Home › Forums › ML, AI, Data Science › An Introduction to Data Preprocessing
 This topic has 0 replies, 1 voice, and was last updated 1 month, 4 weeks ago by Oluwole.

AuthorPosts

February 6, 2020 at 5:29 pm #85291Participant@oluwole
That we live in the age of data is an idea that is quickly becoming a cliché. Indeed, it is as common as much as it is true – the notion that our access to unprecedented amounts of data bears a great influence on the dynamics of various industries. From predicting financial market trends to understanding consumer behaviours, organizations of all kinds make use of large data sets in their operations.
One of the key steps in data analysis is data preprocessing. It is not uncommon for businesses to ignore this process, albeit it is critical. It could also be the case that the data scientist or analyst goes about the process wrongly. We’d be taking a look at data processing – its importance and the steps involved.
What is Data Preprocessing?
Data preprocessing is a data mining procedure involving the transformation of raw data into an understandable format.
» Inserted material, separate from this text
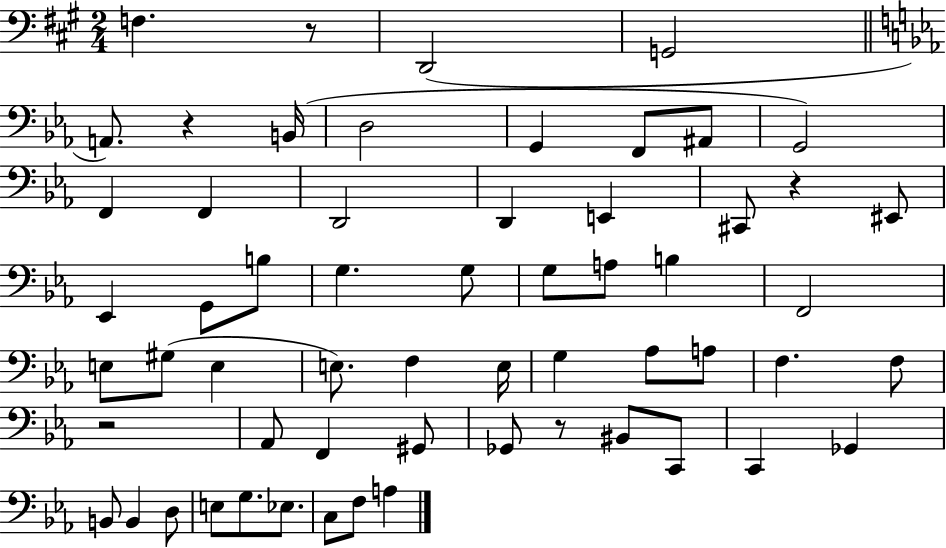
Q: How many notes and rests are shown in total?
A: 59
It is often the case that realworld data is inconsistent (containing discrepancies), incomplete and laden with errors. Data preprocessing is a useful technique to prepare and transform the data, thus making insight discovery more efficient.
The major issues with raw data can be categorized into three;
 Noisy data – this comprises of mislabels, exceptions, outliers and some human errors that are present in the data set but are meaningless.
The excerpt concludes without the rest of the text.